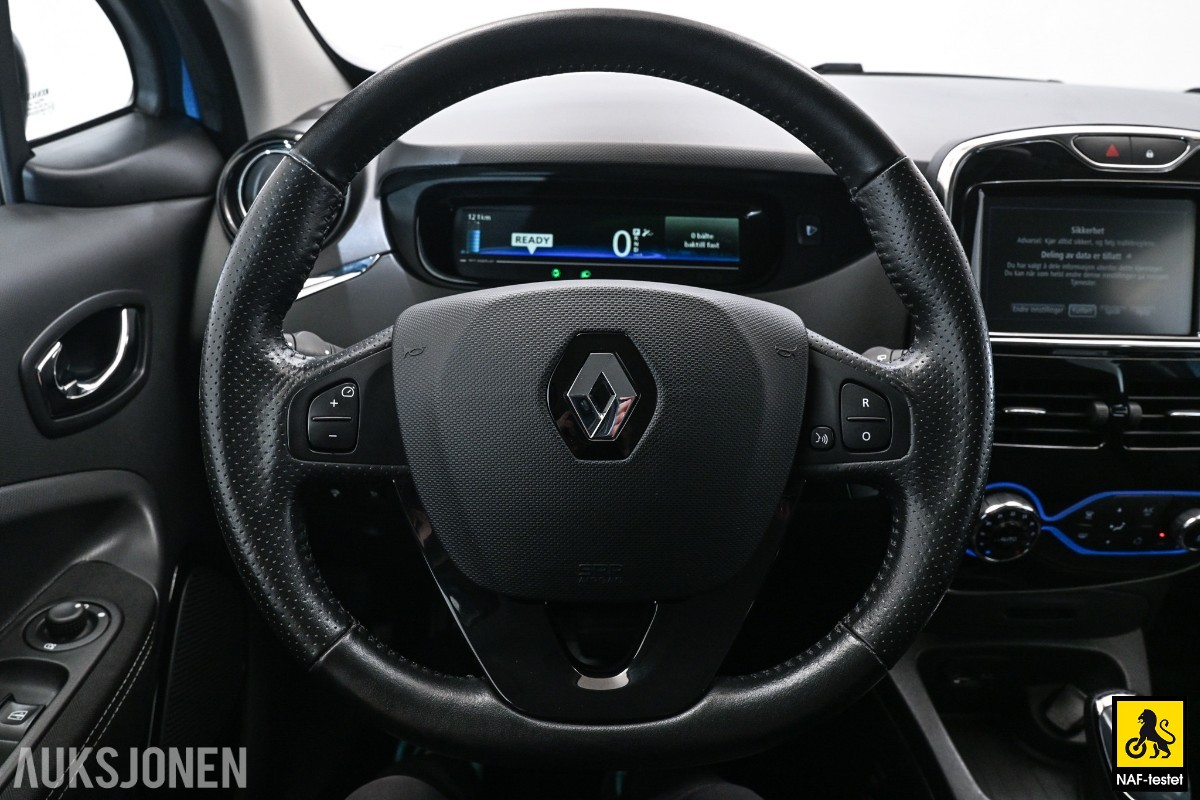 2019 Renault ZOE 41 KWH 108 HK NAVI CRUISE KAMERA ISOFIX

* * *

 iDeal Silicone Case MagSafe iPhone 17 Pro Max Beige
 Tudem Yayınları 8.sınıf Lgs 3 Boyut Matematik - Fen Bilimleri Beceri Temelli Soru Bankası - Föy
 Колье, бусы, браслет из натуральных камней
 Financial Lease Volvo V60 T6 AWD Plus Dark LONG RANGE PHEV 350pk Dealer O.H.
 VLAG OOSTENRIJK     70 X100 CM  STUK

# Exercise description:
Among the records above, only the lines between the line holding "iDeal Silicone Case" and the line holding "Колье, бусы, браслет из натуральных камней", inclusive, are to be output, exactly as written.

# Answer to this task:
 iDeal Silicone Case MagSafe iPhone 17 Pro Max Beige
 Tudem Yayınları 8.sınıf Lgs 3 Boyut Matematik - Fen Bilimleri Beceri Temelli Soru Bankası - Föy
 Колье, бусы, браслет из натуральных камней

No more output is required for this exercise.